Corriere 20.6.18
Le parole della politica
La (discutibile) distinzione tra rifugiati e migranti
di Donatella Di Cesare
Le
parole non sono indifferenti. Decidono la politica. Soprattutto quando
si tratta della cosiddetta «crisi migratoria». Il tema, si sa, accende
gli animi. Anche per ciò abbondano i luoghi comuni, mentre la
complessità resta sullo sfondo. In nome dell’esigenza di «ridurre gli
sbarchi», si è affermata così la distinzione tra rifugiati e migranti
che in breve è diventata criterio selettivo: i primi possono entrare,
gli ultimi vanno respinti. Da una parte i buoni, dall’altra i cattivi,
da una parte i veri, dall’altra i falsi. Il migrante che tenta di
passare per rifugiato è il «clandestino».
Ma ha davvero senso
questa distinzione? Il «rifugiato» può vantare un passato glorioso.
Viene dalla schiera degli esiliati, apolidi, proscritti che non sono mai
mancati nella storia. Pur tra ambiguità, il rifugiato assume un
significato più preciso tra le due guerre mondiali. Indica lo straniero
che, lasciato il proprio Paese, chiede protezione allo Stato in cui
giunge. Il prototipo del rifugiato è l’esule russo, vittima della
rivoluzione, che trova spazio in tante pagine della letteratura. Questa
figura è destinata a lasciare un’impronta nell’immaginario collettivo.
Ben diversamente vanno le cose per gli italiani che fuggono dal regime
di Mussolini. Accanto all’«esule russo» non nasce la categoria del
«rifugiato italiano». Per non parlare degli ebrei tedeschi che devono
aspettare fino al 1938 per essere riconosciuti come profughi dai Paesi
occidentali.
La svolta è segnata dalla Convenzione di Ginevra che
il 28 luglio 1951 definisce il rifugiato mettendo l’accento sulla
«persecuzione». Sembra così rompere con il passato, perché non parla più
di un gruppo, bensì del singolo che chiede protezione. Eppure ha la
meglio la continuità: il rifugiato non è che il calco del dissidente
sovietico. Con la vittoria del blocco occidentale prevale la difesa dei
diritti civili sulla tutela contro le violenze economiche. Fame e
povertà restano cause perdenti. Ma perché mai i motivi economici
dovrebbero essere meno gravi di quelli politici?
I rifugiati sono i
dissidenti che suscitano simpatia, accendono la solidarietà:
cecoslovacchi, greci, cileni, argentini. Tutto cambia quando compare un
nuovo rifugiato: meno bianco, meno istruito, meno ricco. È il
«migrante», termine che, al contrario di «rifugiato», non corrisponde a
una categoria giuridica. In poco tempo assume contorni negativi e
inquietanti. La governance burocratica lo ferma, gli chiede una «prova»

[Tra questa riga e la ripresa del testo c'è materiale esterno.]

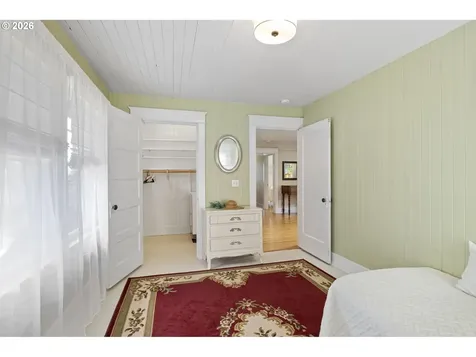 525 Park Avenue Coos Bay OR 97420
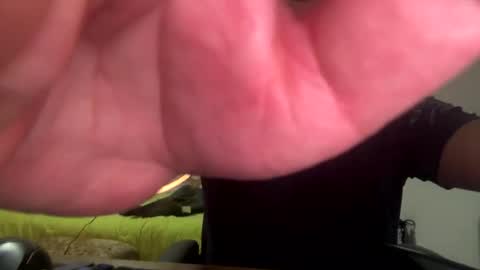 thelittlehot1 online show from 22, 4, 2026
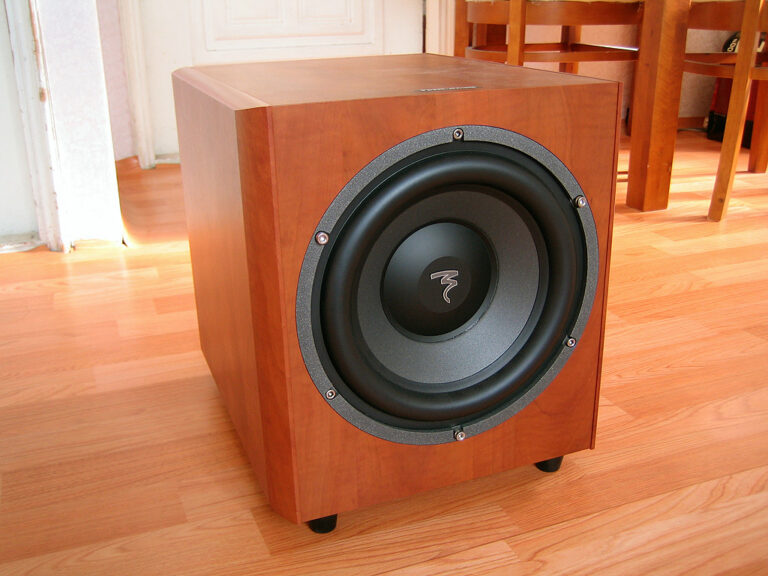 포칼 JM-Lab SW700S 서브우퍼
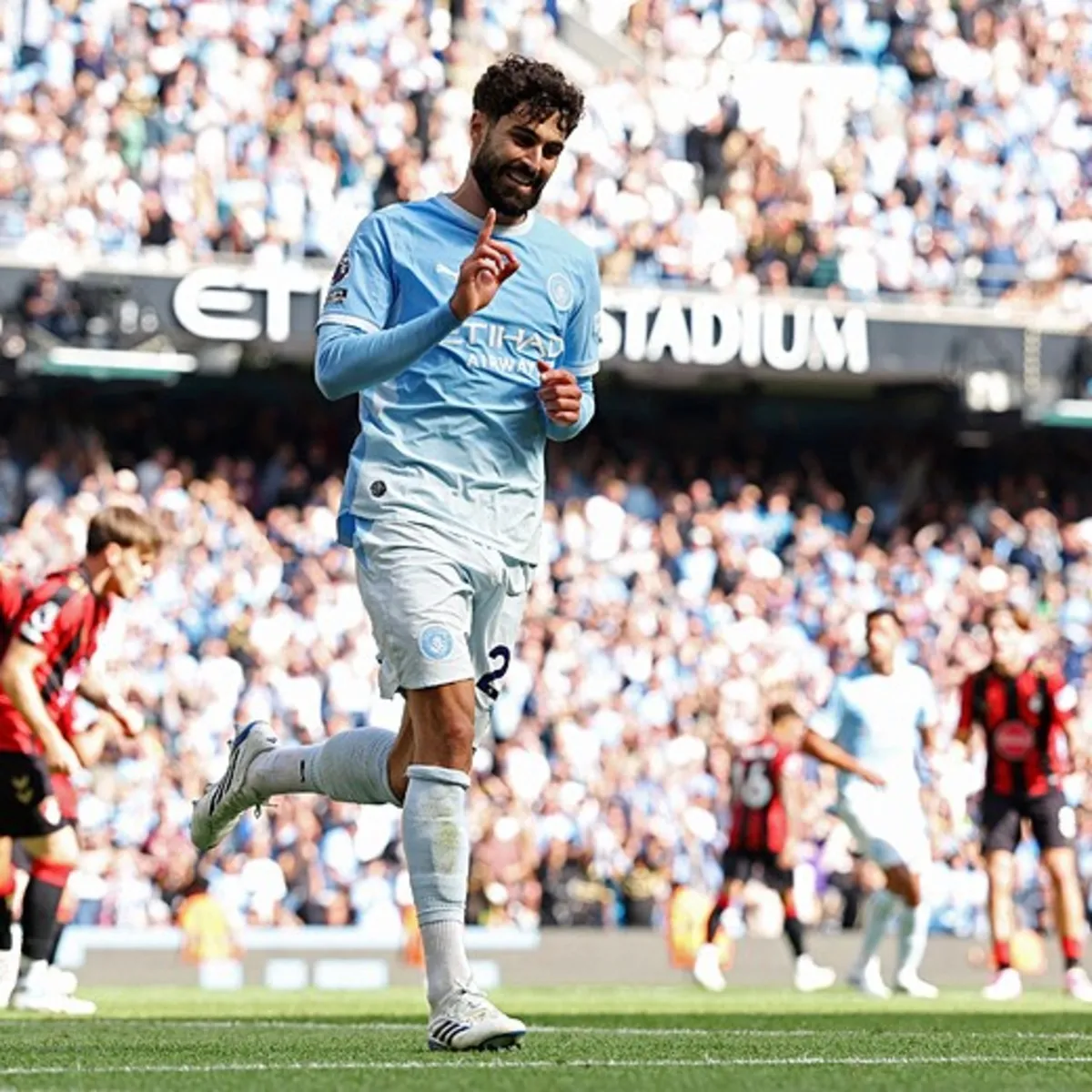 Manchester City, Bournemouth'u 2-1 yendi: Geriden gelerek kazandı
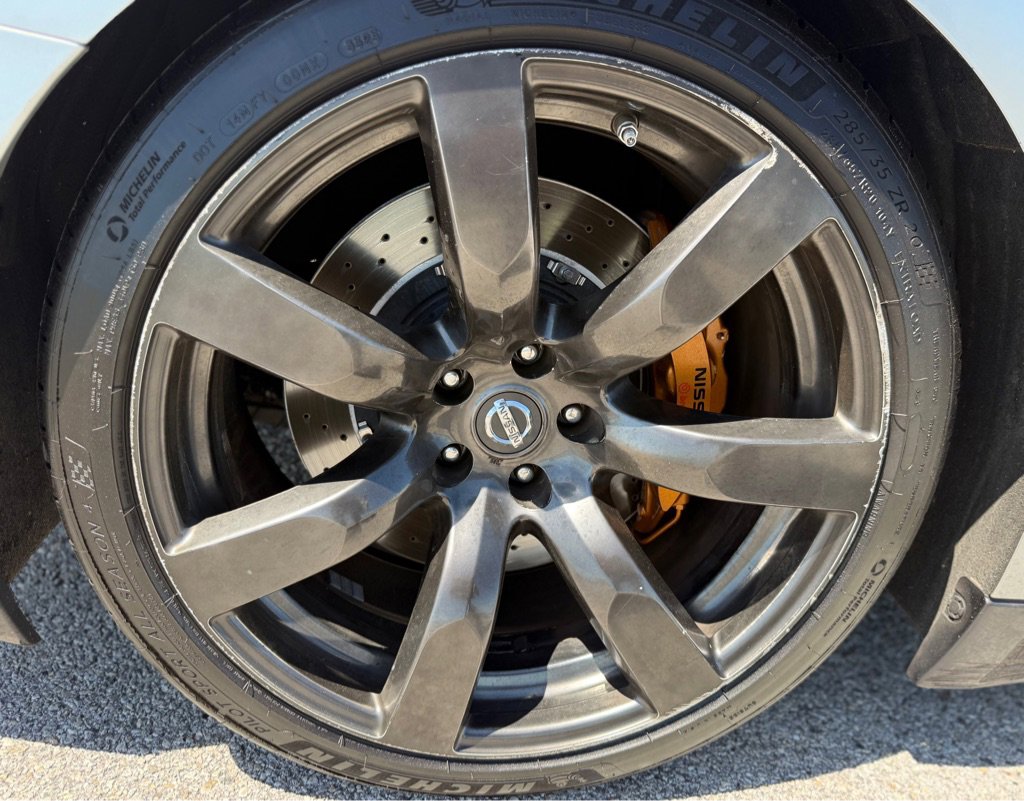 Used 2011 Nissan GT-R Premium AWD/4WD image 23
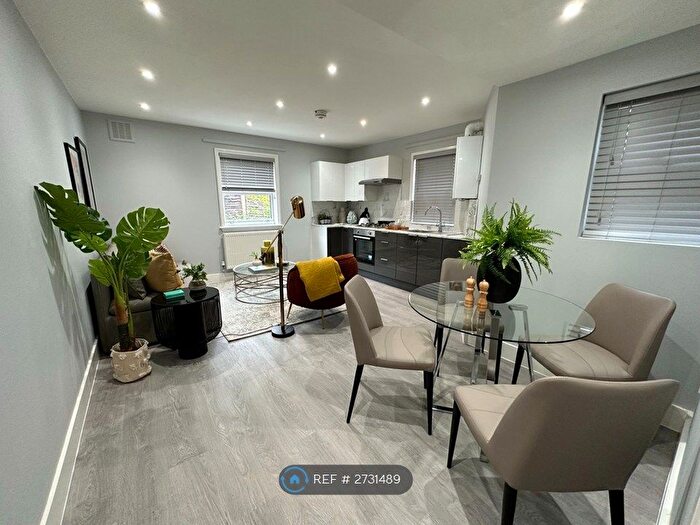 2 Bedroom Flat To Rent In Ling Road, London, E16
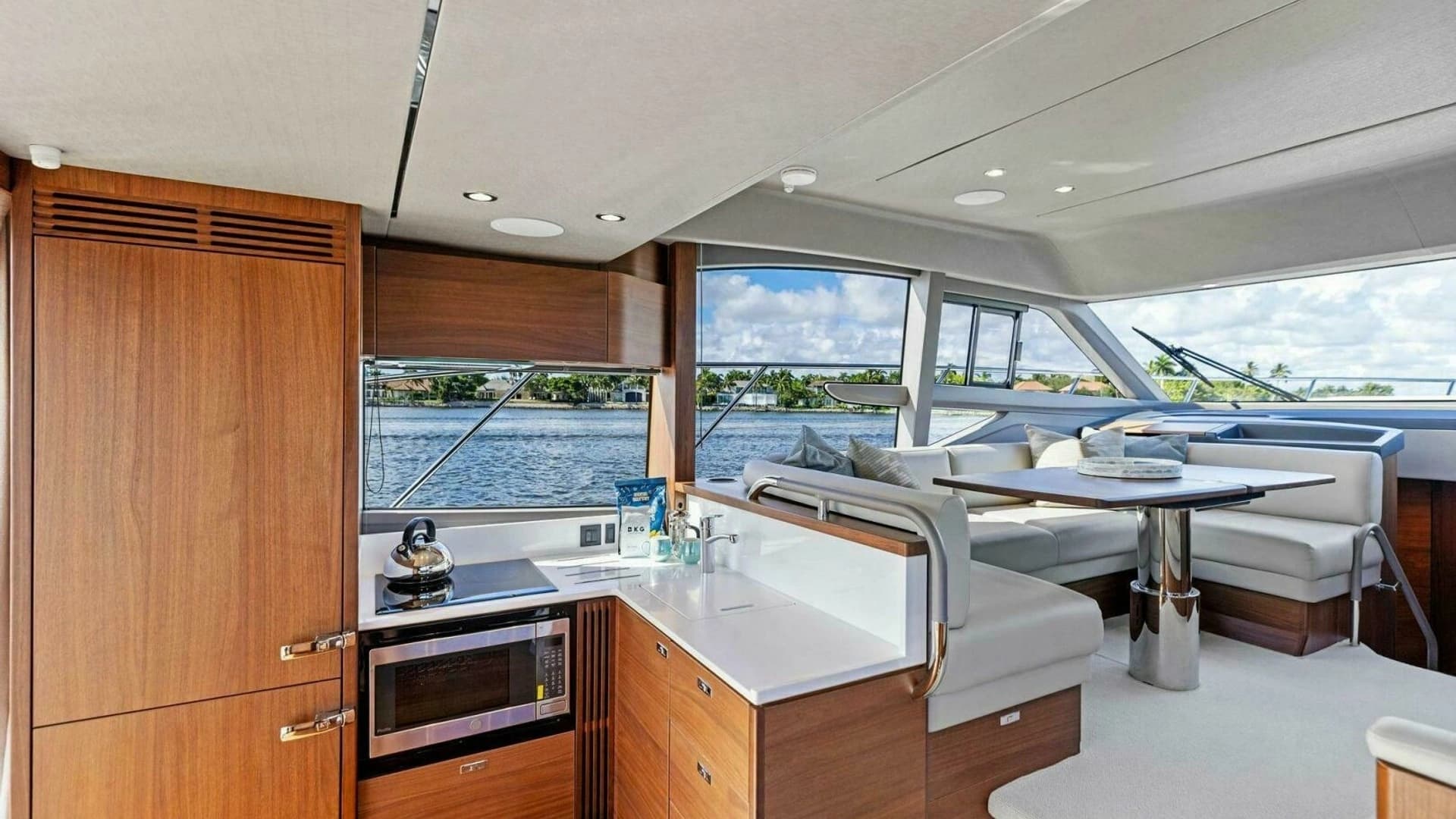 2025 Princess F50 Flybridge - Image 15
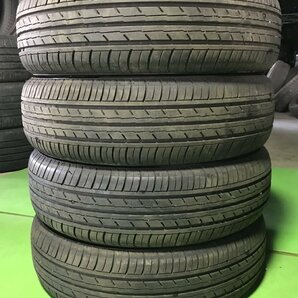 管理番号：C4-19-1●【送料無料！4本セット】165/65R14 YOKOHAMA BluEarth-ES32 2022年製 山あり/夏タイヤ/適格請求書発行可能の画像1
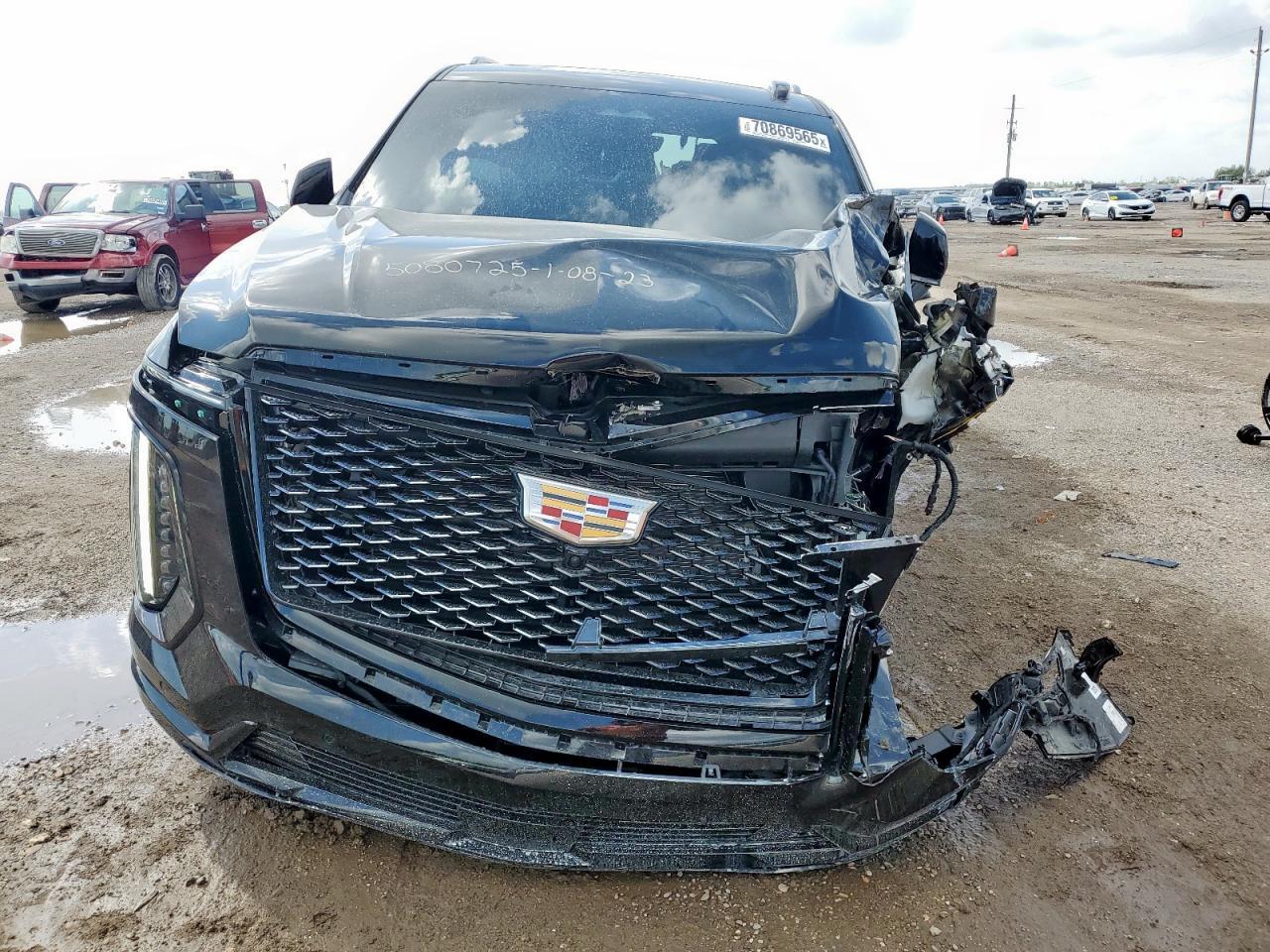 2025 CADILLAC ESCALADE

della sua persecuzione, ne fa tutt’al più un «richiedente asilo».
Le
frontiere si chiudono per quegli stranieri che sono più stranieri di
altri: i poveri. Colpevoli già solo per essersi mossi, non suscitano
alcuna compassione. Anzi! I persecutori potrebbero essere loro, questi
«nemici subdoli».
Eppure i migranti, questi nuovi poveri cui è
stata tolta persino la dignità del povero, hanno mille motivi da far
valere per quella loro scelta sofferta. L’Unhcr parla già da anni di
«flussi misti» per indicare i migranti che fuggono da guerra, violenza,
fame, siccità. Con questa formula già si ammette l’impossibilità di
applicare schemi antiquati. Nel mondo globalizzato la persecuzione ha
molti volti. Come distinguere in un groviglio di motivi che
s’intrecciano?
La distinzione tra rifugiati politici e migranti
economici non regge. Sarebbe come sostenere che l’impoverimento di
interi continenti non abbia cause politiche. Sfruttamento, crisi
finanziarie, catastrofi ecologiche non sono meno rilevanti della
minaccia personale. Questo criterio antistorico non può essere criterio
per una politica della migrazione. Anche da qui si deve ricominciare.